Sementara itu, Kepala Pusat Pelayanan Kesehatan Pegawai Provinsi DKI Jakarta, Dwian Andhika memaparkan, seminar tersebut merupakan rangkaian kelima dari total delapan kegiatan promosi kesehatan yang direncanakan sepanjang 2026.
Sebelumnya, kegiatan serupa telah diselenggarakan di sejumlah gedung wali kota dan dinas teknis di lingkungan Pemprov DKI Jakarta.
"Tujuannya untuk meningkatkan kesadaran ASN akan pentingnya menjaga kesehatan fisik dan mental demi mengoptimalkan pelayanan kepada masyarakat," bebernya.
Dwian menuturkan, seminar kali ini mengangkat tema utama hipertensi dan gizi. Pemilihan tema tersebut dilakukan berdasarkan hasil cek kesehatan gratis terhadap hampir 2.200 pegawai di lingkungan Kota Jakarta Selatan.

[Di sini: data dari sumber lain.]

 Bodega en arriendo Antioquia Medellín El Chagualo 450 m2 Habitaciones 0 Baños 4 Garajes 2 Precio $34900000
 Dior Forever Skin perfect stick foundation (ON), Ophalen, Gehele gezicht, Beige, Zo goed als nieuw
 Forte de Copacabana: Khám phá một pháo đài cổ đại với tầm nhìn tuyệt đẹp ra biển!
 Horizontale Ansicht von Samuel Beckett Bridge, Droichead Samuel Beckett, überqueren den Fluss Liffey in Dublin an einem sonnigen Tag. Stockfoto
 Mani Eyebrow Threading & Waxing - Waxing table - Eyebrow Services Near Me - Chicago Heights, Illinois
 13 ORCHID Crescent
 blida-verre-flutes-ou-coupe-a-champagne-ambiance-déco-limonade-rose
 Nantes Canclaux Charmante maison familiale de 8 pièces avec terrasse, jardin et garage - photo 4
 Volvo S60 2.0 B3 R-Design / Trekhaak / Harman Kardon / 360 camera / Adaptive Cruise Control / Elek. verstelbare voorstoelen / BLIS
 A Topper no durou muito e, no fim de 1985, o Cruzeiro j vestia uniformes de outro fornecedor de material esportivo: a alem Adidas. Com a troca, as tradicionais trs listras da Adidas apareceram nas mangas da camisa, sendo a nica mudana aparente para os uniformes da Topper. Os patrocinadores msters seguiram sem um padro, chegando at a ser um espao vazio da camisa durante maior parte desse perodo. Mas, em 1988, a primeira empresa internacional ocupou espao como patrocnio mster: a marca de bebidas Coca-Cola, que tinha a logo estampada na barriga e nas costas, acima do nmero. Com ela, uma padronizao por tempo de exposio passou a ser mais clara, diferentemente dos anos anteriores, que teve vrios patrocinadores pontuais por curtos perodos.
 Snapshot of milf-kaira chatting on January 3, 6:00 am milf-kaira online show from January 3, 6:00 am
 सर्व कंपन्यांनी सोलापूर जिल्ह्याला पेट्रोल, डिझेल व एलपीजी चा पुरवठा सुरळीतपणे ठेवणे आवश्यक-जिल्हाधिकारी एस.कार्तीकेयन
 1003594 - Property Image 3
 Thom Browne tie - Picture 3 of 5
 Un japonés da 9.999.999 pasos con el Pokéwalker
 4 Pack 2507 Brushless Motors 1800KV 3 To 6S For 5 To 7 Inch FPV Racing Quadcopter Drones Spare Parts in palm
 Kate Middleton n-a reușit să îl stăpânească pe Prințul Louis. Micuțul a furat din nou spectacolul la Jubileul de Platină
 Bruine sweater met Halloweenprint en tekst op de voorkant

Ia menyampaikan, dari pemeriksaan tersebut, terdapat tiga masalah kesehatan yang cukup menonjol di kalangan pegawai, yakni tingginya tingkat obesitas atau kegemukan, kurangnya aktivitas fisik, serta tekanan darah tinggi.
"Melalui kegiatan ini, kami berharap pegawai semakin sadar dan tidak ragu untuk berkonsultasi dengan tenaga kesehatan, mengingat prinsip pencegahan jauh lebih baik daripada penanganan yang terlambat," imbuhnya.
Sebagai bentuk dukungan, lanjut Dwian, akses layanan kesehatan bagi pegawai di lingkungan Kantor Wali Kota Jakarta Selatan juga telah dipermudah. Klinik pegawai yang berada di lantai 1 siap memberikan layanan konsultasi dan terapi, sekaligus memfasilitasi pemindahan kepesertaan BPJS Kesehatan bagi pegawai agar akses layanan kesehatan menjadi lebih mudah.
"Melalui peran ASN sebagai ujung tombak Pak Gubernur dalam merealisasikan program-program strategis daerah, menjaga kesehatan jasmani dan rohani menjadi sangat krusial untuk menciptakan lingkungan kerja yang semakin sehat serta mendongkrak literasi kesehatan pegawai secara menyeluruh," tandasnya.